TERMS AND CONDITIONS
These Mobile Commerce Terms
and Conditions (“Terms and Conditions”)
are a material part of, and are incorporated into, the Mobile Commerce Services
Agreement between Billing Revolution and Publisher. Billing Revolution and Publisher hereby agree
as follows:
1.1.
“Billing Revolution Materials”
means any graphics, images, content, links to Products, or other materials
provided by Billing Revolution to Publisher.
1.2.
“Link” means a link to a
Product that is supplied by Billing Revolution to Publisher or created by
Publisher in accordance with the terms of this Agreement.
1.3.
“Merchant Account Tool”
means the Service’s online account management tool that allows Publisher to, in
accordance with this Agreement, register Products on the Service and otherwise
manage Publisher’s account.
1.4.
“Platform” means Billing
Revolution’s proprietary platform that processes Transactions on the Service.
1.5.
“Product” means a product
that is made available for purchase by Publisher on the Publisher Service and
is registered by Publisher in the Service using the Merchant
Account Tool.
1.6.
“Publisher Service” means
those portions of the user interface visible on the screen of any handheld
mobile device through which a user of such device is able to navigate directly
to the Service via a Link.
1.7.
“Service” means Billing
Revolution’s processing of transactions as described in this Agreement.

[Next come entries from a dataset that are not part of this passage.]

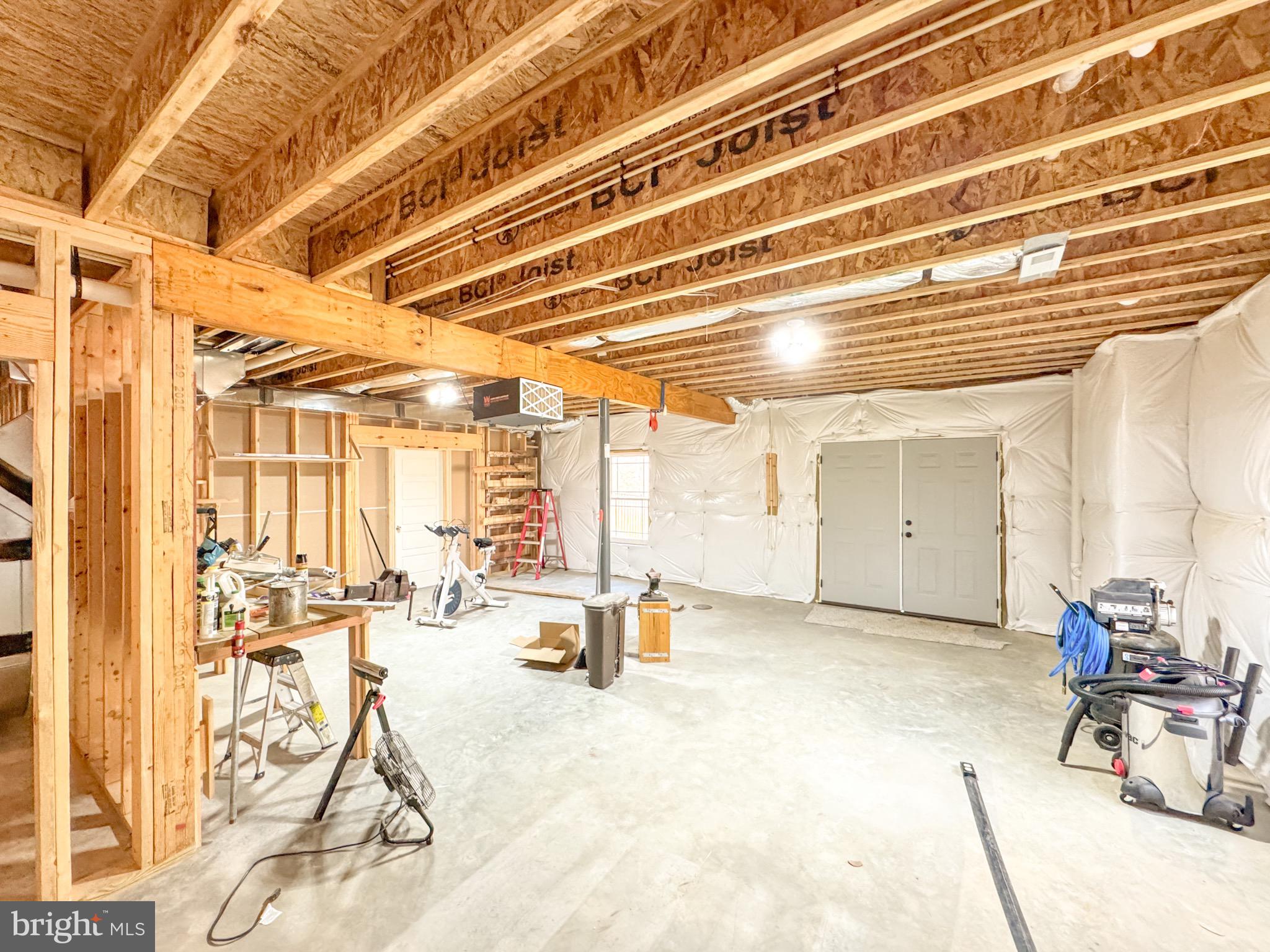 RAPIDAN RETREAT - Residential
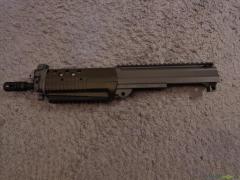 SIG Wechselsystem SG553-1 SB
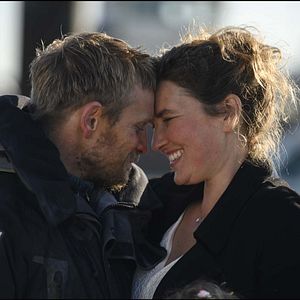 Bilder Jérémie Renier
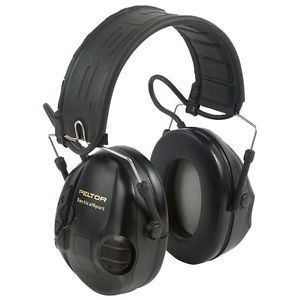 Tactical Sport Electronic Headset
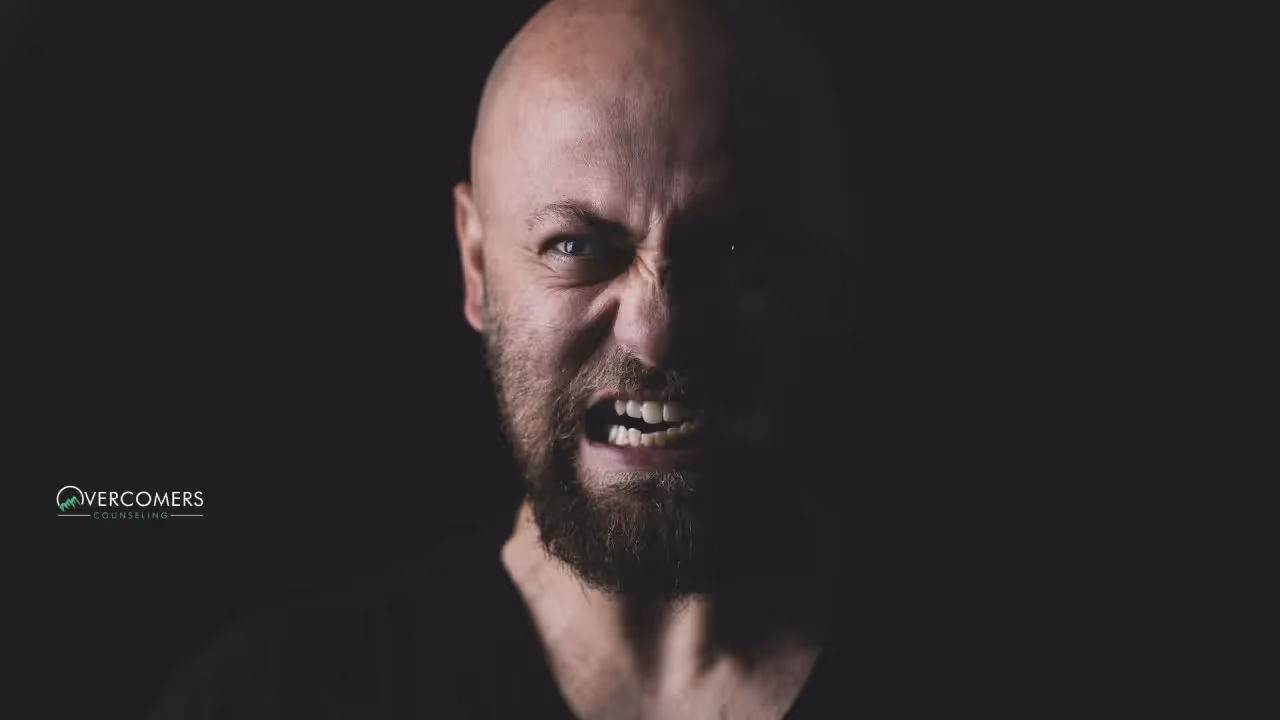 5 Reasons you are Angry at the Deceased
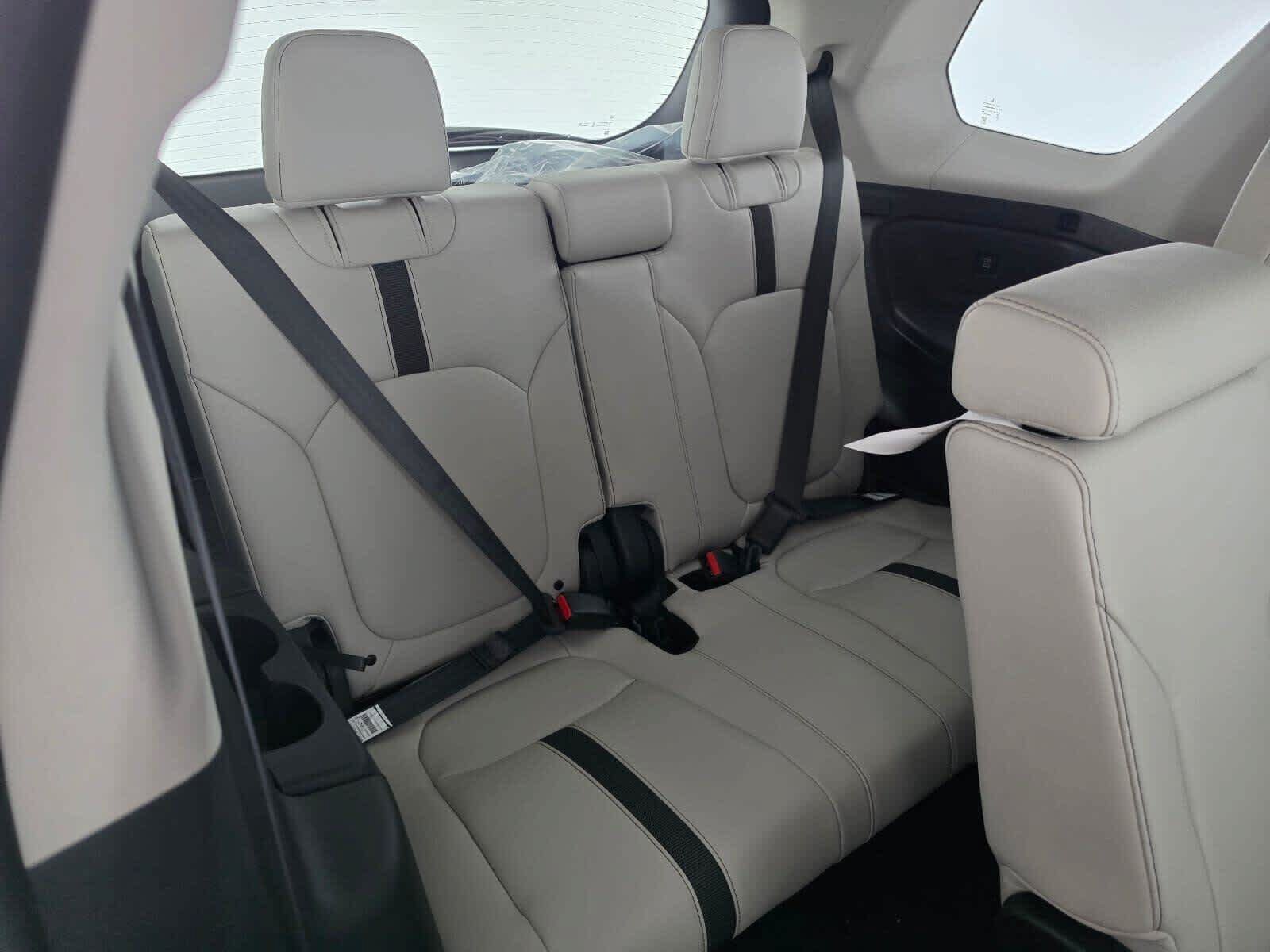 New 2026 Honda Pilot EX-L image 13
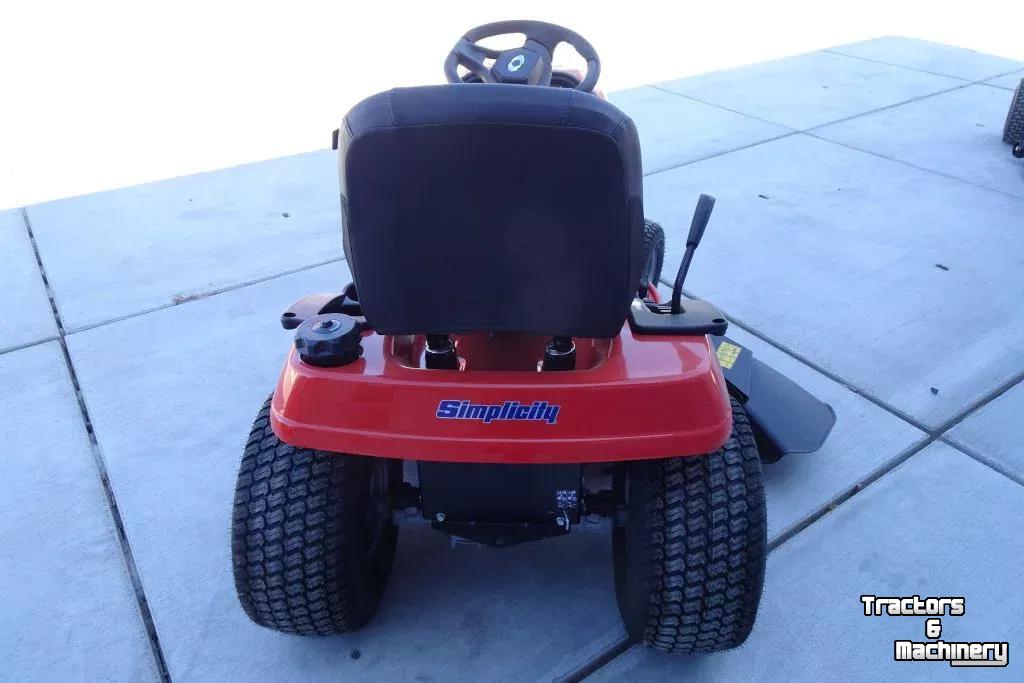 Zitmaaier Simplicity SLT210E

1.8. “Trademarks” means logos and other trademarks, if any, of Billing Revolution and third-party licensors that are identified in the Merchant Account Tool for use by Publisher in accordance with this Agreement.
1.9.
“Transaction” means the
purchase of a Product by a user of the Publisher Service who clicks through a
Link to the Service.
1.10. “Transaction Fees” means the per-Transaction fees payable to Billing
Revolution by Publisher, consisting of a fixed per-Transaction fee and a fee
based upon the retail price for the applicable Product, each as set forth on
page one (1) of this Agreement.
2.1.
Subject to the terms and conditions of this Agreement, Billing
Revolution will use commercially reasonable efforts to operate the Service and
to enable users of the Publisher Service to conduct Transactions using a
wireless device.
2.2.
Billing Revolution may reject or limit Transactions that do not comply
with requirements that Billing Revolution may establish from time to time, and,
more generally, reserves the right to reject or limit Transactions from time to
time in its sole discretion. Except as
set forth in this Section 2, Publisher will be solely responsible for, and will
bear all risk and liability for, sourcing, storing, fulfilling, and delivering
all Products, and will do so in accordance with the terms of this Agreement and
all Billing Revolution policies as made available within the Merchant Account
Tool or otherwise provided from Publisher from time to time.
2.3.
Publisher will bear all risk, liability and responsibility for: (a) any non-delivery, misdelivery, theft, or
other mistake or act in connection with the delivery of Products; and (b) any
non-conformity or defect in any Products.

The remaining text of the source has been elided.